Peter Boy wrote:
Fedora did not choose "not to be compatible with..." but Fedora choosed
not to include an non-free program (i.e. Sun's Java)
They did both. Including or not including isn't the issue. Making it
difficult for the user to install his own freely available copy is one
problem.
Fedora does not make it specifically difficult.
Let's see - if a sort-of unix compatible system installed a file called
/bin/sh that would not execute shell scripts, would you consider that
making things difficult?
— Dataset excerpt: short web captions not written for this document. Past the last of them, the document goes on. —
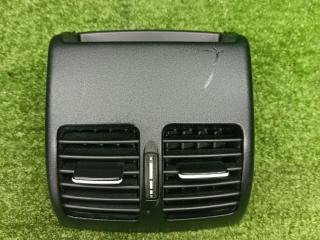 дефлектор обдува салона Mercedes-Benz C-Класс W204/S204 W204.008 2008, 2.2 л., CDi, OM 646.811, дизель, АКПП, седан, задний привод, правый руль, A2048300954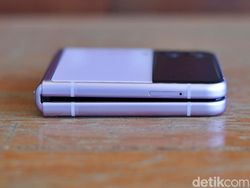 Menggenggam Galaxy Z Flip 3, HP Layar Lipat Kece Harga Rp 15 Juta
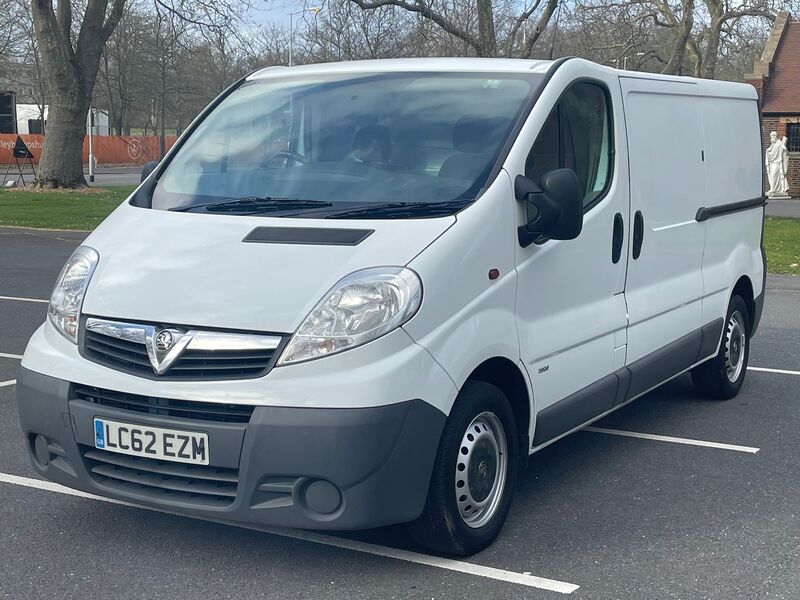 Used VAUXHALL VIVARO in Aldershot, Hampshire Garrison Van Sales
How's that different from one named
/usr/bin/java that won't execute java bytecode?
You may install the Sun
provided Linux rpm, are free to search the Sun bugzilla database why it
doesn't work out of the box
It does work out of the box, it just won't execute on fedora when you
type java.
> As with any distributions
Fedora does only care about software, which is part of its distribution.
That may well be true of fedora. It is certainly a problem for users if
it is. I wouldn't extend that claim to other distributions.
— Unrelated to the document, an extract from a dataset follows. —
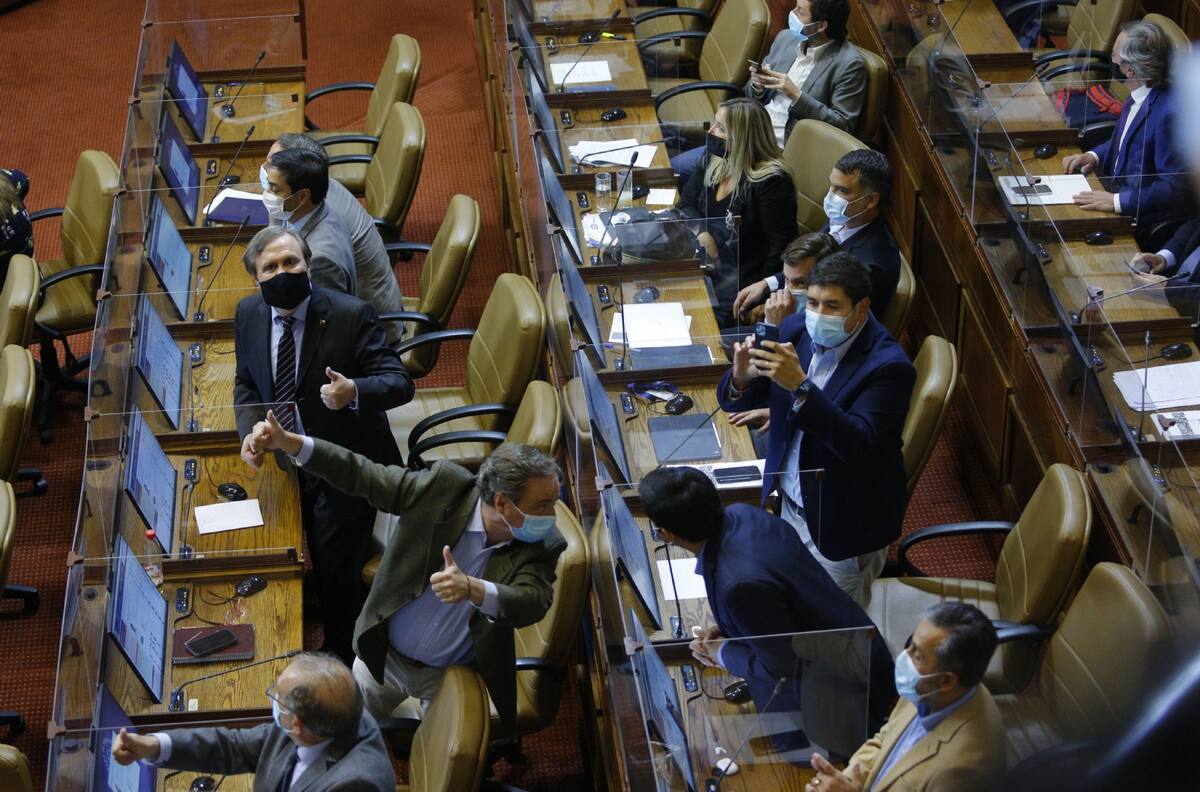 "Chao jefe": Cámara de Diputados aprobó proyecto que garantiza el derecho de "desconexión digital"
And don't confuse the Fedora model with RHEL. In RHEL Red Hat takes care
about Sun java integration and customers have to pay for it.
How does that work, when the jpackage version of the same thing was
free? And why does jpackage support only go to FC6?
A whole separate 'jpackage' project has to exist just to fix
this problem in the distribution. The problem wouldn't exist if the
distribution included a java-*-sun-compat package of perfectly legal
symlinks.
You may think of the jpackage distribution as just another workaround
for the fact that Sun didn't care about Linux compatibility of their
Linus rpm's. And it is a general purpose workaround, not a Fedora
specific one.
Symlinks pointing to symlinks with executables under /user/lib doesn't
seem bizarre to you? And you don't think Sun knows how java should work?
The bigger problem is distributing something that is not java compatable
but executing it with the java name. Microsoft tried to promote an
incompatible program that similarly fit their agenda with the java name
and Sun successfully sued them over it. The fedora-shipped not-java
program that executes with the java name does just as much damage and
shouldn't be named java until it passes the compatibility tests. I'm
surprised fedora's legal dept. allowed this abuse of a trademarked name.
The software is not shipped as java, but as gcj (and with some starter
scripts with the filenama java for compatibility). And in contrast to MS
the gcj project aimed to full compatibility and the lack thereof was an
intermediate state during development. All this is quite different.
The only difference is the length of time they have continued to ship
something that, when you type 'java', doesn't execute a java compatible
program. And please don't try to tell me that the fact that this
damages the usefulness of java bothers anyone involved.
So you can develope (or simply run) against the reference version and
you can test (and support the devel of) the truly free alternative in
parallel. That's the Fedora way.
It's not an alternative java until it passes the compatibility test.
You are free, not to use (and just to ignore) it! Remember, you just
have to use one of the above mentioned alternative ways.
I'd just like some truth-in-advertising here. Don't call it java until
it is - and realize it is just as damaging as if would be if someone
replaced your /bin/sh with an incompatible replacement.